Optimize Your PC, Security Apps 101, Find Folders Fast
By Rick Broida
Want to clean and optimize your PC? You’ve probably heard of CCleaner, arguably the world’s most popular tool for doing the job. Developer Piriform just released CCleaner 3.0. The big news in this update? A native 64-bit version for use with like editions of Windows.
Like the last release, CCleaner clears out temporary files, cleans the Windows Registry, erases browser histories, and so on. Version 3.0 also sports new icons, various interface improvements, better support for Google Chrome and Internet Explorer 9, and newly added support for programs like AVG AntiVirus 10.0, Audacity, LogMeIn Hamachi, BitTorrent, and Windows Game Explorer. I particularly like the way it intelligently scans for cookies you’d want to keep, like those for Google and Yahoo.
In short, the ultimate system-cleaning tool just got better. It’s still free, thankfully, though you can purchase a priority-support license for $25.
As with any tool of this kind, I strongly recommend making a full system backup and creating a new system-restore point before using it. Better safe than sorry!
Avoid Security Software Overlap
Reader LK wants to know if Microsoft Security Essentials (which I’ve championed in these pages many times) can be installed alongside other anti-virus and/or anti-malware programs.
You might think that where security software is concerned, more is better. But you’d be wrong–especially if you’re talking about programs that do the same thing, like fight viruses or spyware.
For example, if you were to install MSE on a system that already had Norton Internet Security, the latter might think the former was a kind of spyware–or vice-versa. What’s more, one security might not slow down your system that much, but two almost certainly will.

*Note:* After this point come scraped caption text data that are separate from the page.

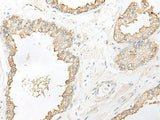DHRS7 Polyclonal Antibody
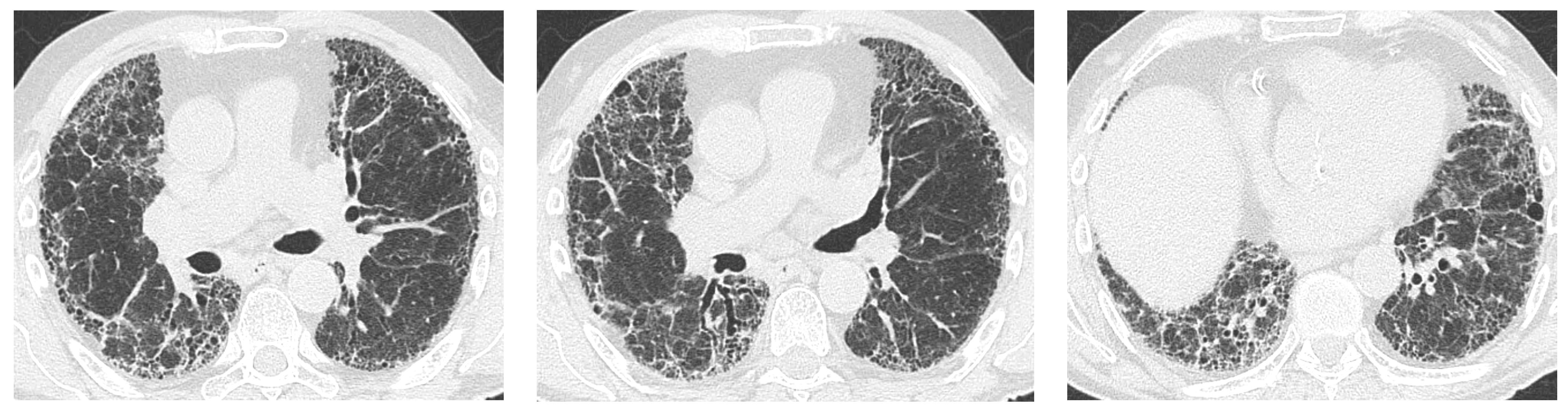 JCM Free Full-Text Primary-Sjandouml;grenandrsquo;s-Syndrome-Related Interstitial Lung Disease A Clinical Review Discussing Current Controversies picture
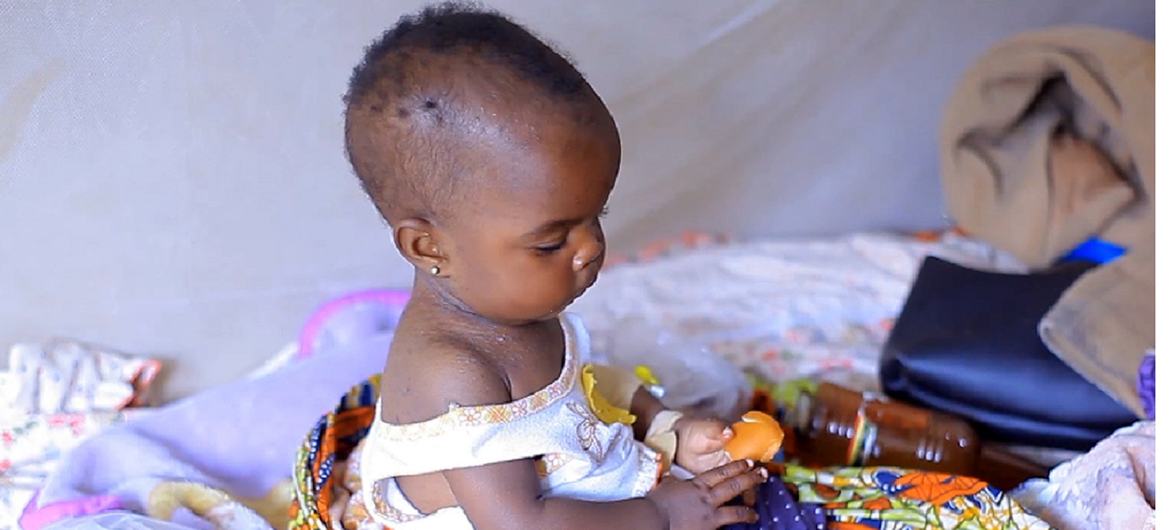 A child recovering from malaria at the Gracia Health Center in Beni town, in the Democratic Republic of the Congo's province of North Kivu A child recovering from malaria at the Gracia Health Center in Beni town, in the Democratic Republic of the Congo's province of North Kivu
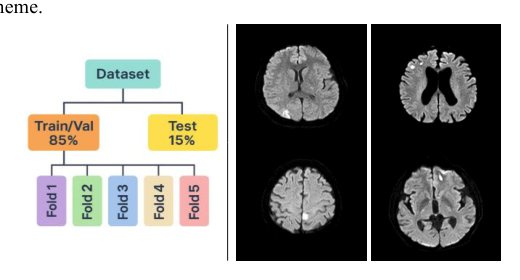 EPRA U-Net: An Efficient Pyramid Residual Attention Framework for Accurate Infarct Segmentation in Diffusion-Weighted MRI Figure 1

My advice: if you’re planning to switch security tools, do exactly that. Uninstall one, reboot, and then install the other.
Use ‘Recent Places’ to Find Frequently Used Folders Faster
In my line of work, I’m constantly opening and saving files in myriad folders scattered across my hard drive. It seems like every time I face an Open or Save As dialog box, it means I have to spend considerable time navigating between folders.
That’s why I’m a big fan of Windows 7’s Recent Places feature, which appears under the Favorites heading when you open an Explorer window. Take a look:
Recent Places is not quite the same thing as the Recent Documents option you may have seen in the Windows Start menu. When you click the former, it shows you a list of the folders you’ve accessed recently. Click into the one you want, choose the file you need, and presto, you’re done. No need to waste time navigating various drives and subfolders.
If you don’t see the Recent Places option (or any kind of lefthand pane in your Explorer window), you’ll need to make it visible. You can do so by selecting Organize, Layout, Navigation pane.